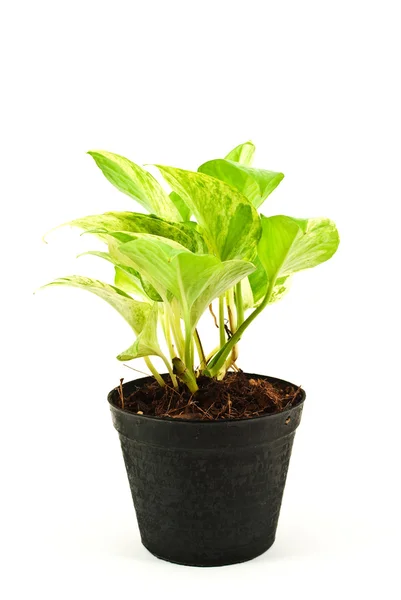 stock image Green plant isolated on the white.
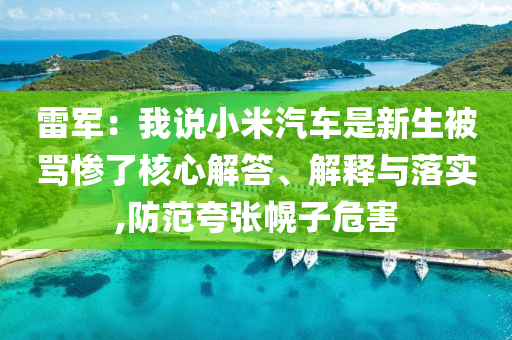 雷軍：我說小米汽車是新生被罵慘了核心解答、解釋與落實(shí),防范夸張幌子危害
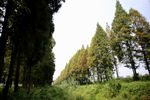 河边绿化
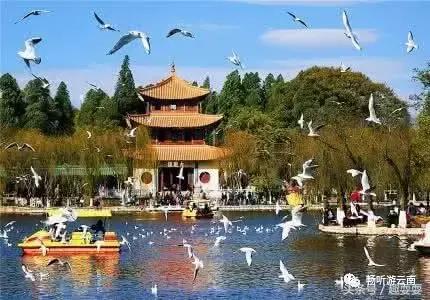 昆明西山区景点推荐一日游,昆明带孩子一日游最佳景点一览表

# # # # #

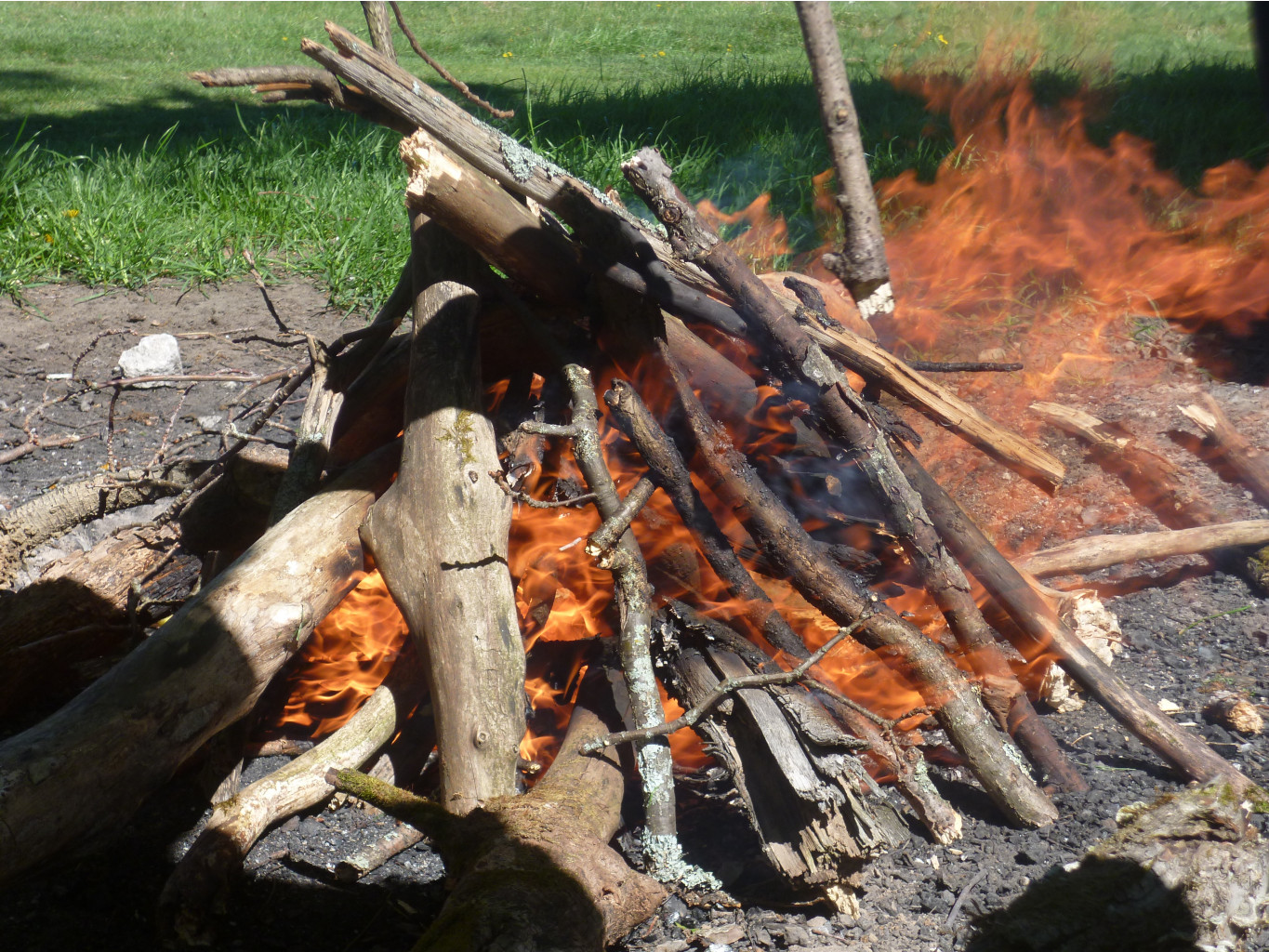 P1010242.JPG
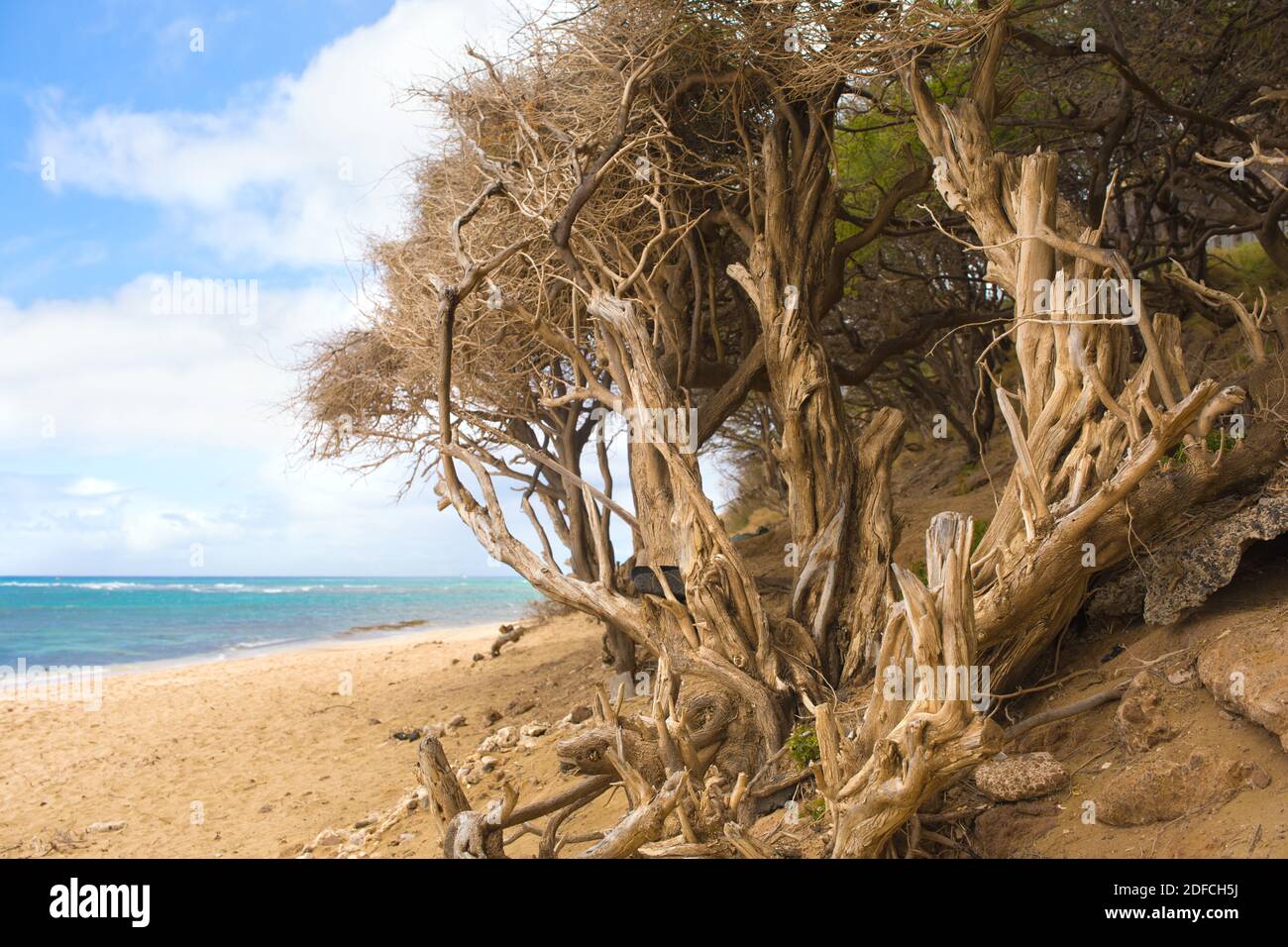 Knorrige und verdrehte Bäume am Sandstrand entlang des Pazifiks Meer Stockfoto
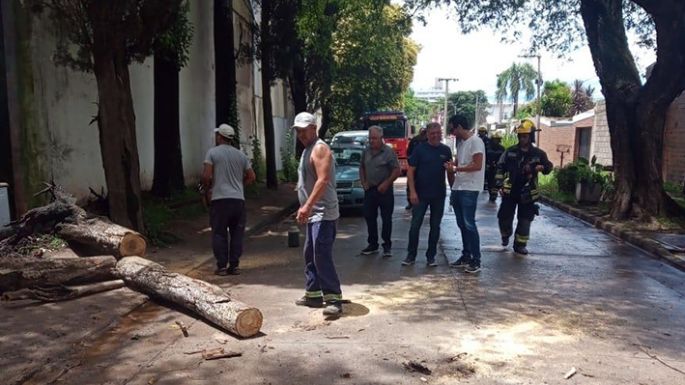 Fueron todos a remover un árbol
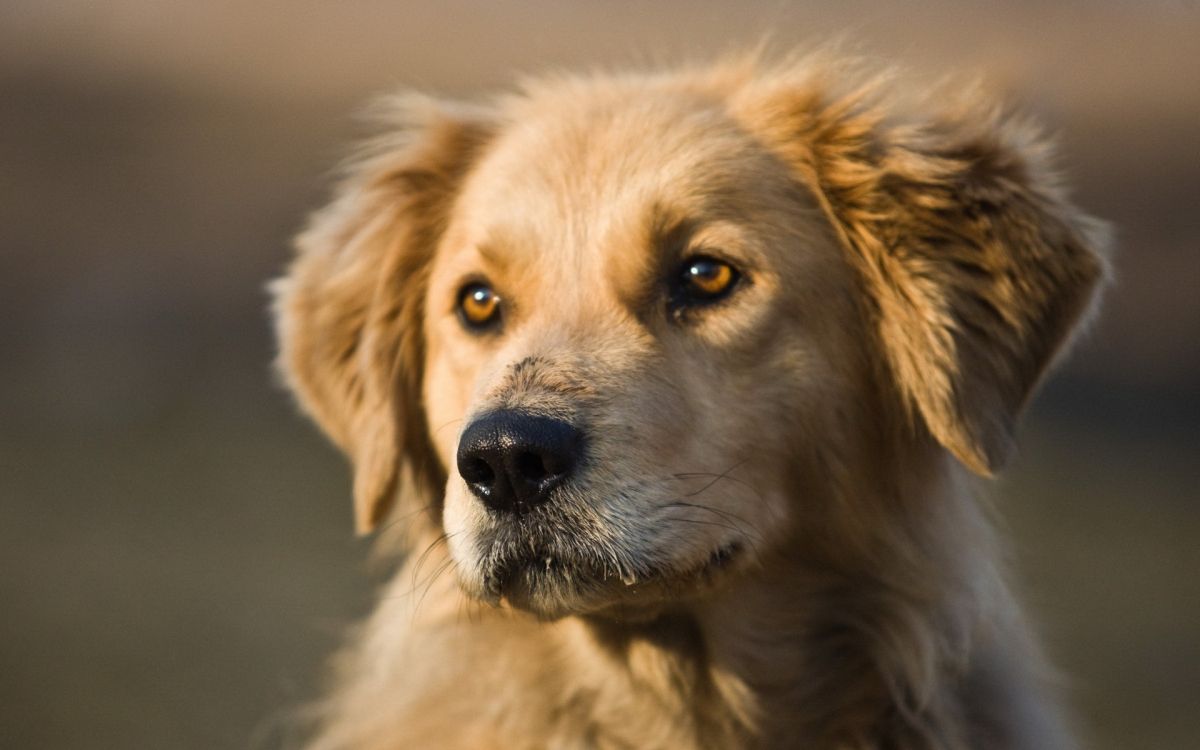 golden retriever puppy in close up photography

# # # # #

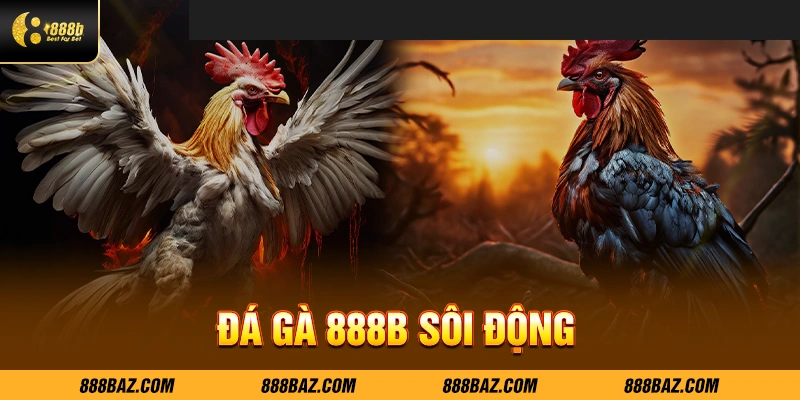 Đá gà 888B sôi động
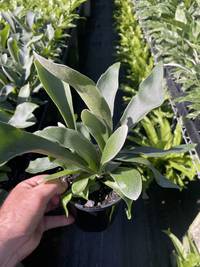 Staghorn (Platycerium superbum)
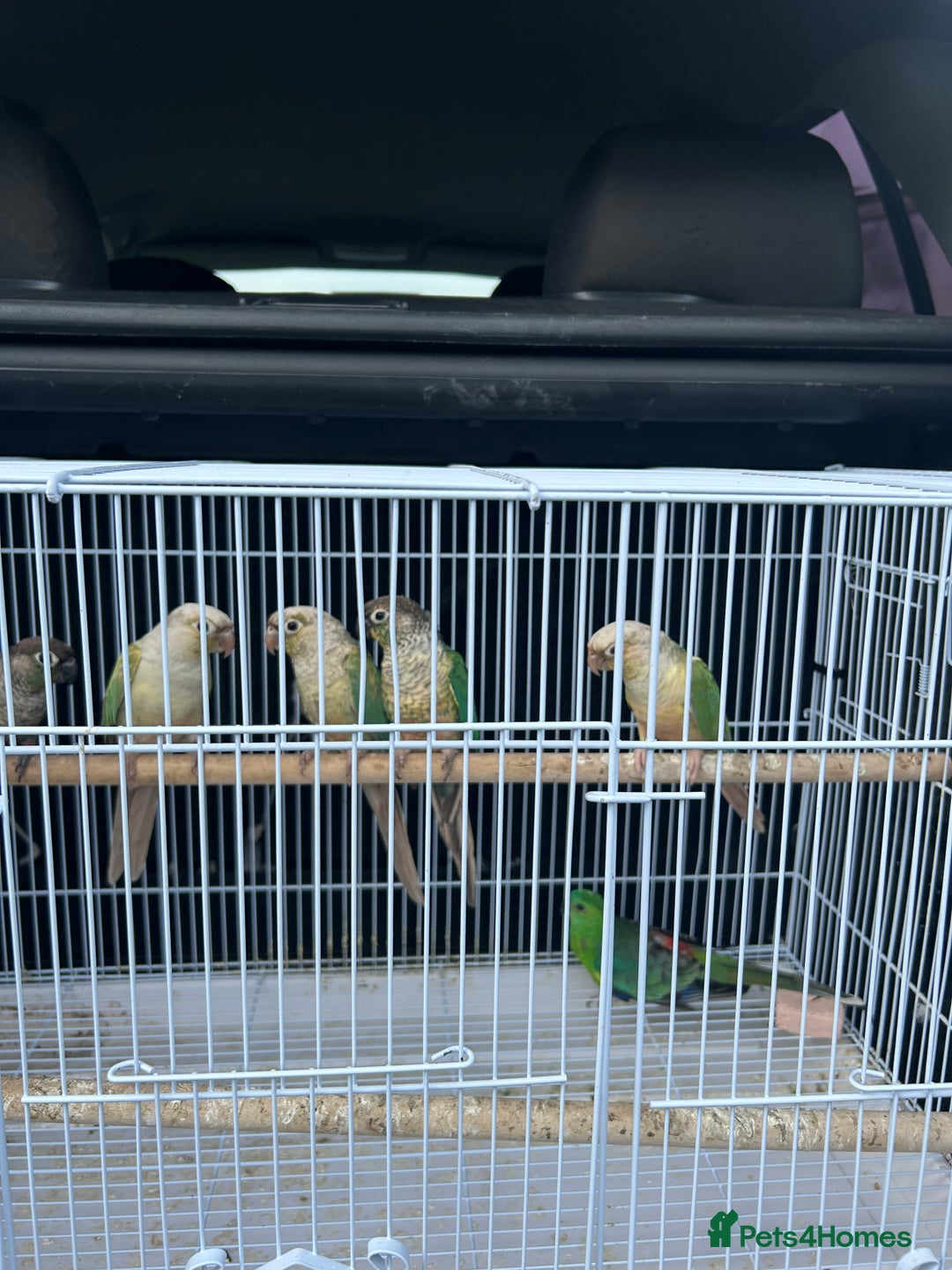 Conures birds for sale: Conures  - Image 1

# # # # #

__WHAT YOU SHOULD DO__.
Take the material above from the line bearing "stock image Green" through the line bearing "昆明西山区景点推荐一日游,昆明带孩子一日游最佳景点一览表" and write it out exactly, both end lines included. Pictures stay out.

__EXERCISE RESPONSE__.
 stock image Green plant isolated on the white.
 雷軍：我說小米汽車是新生被罵慘了核心解答、解釋與落實(shí),防范夸張幌子危害
 河边绿化
 昆明西山区景点推荐一日游,昆明带孩子一日游最佳景点一览表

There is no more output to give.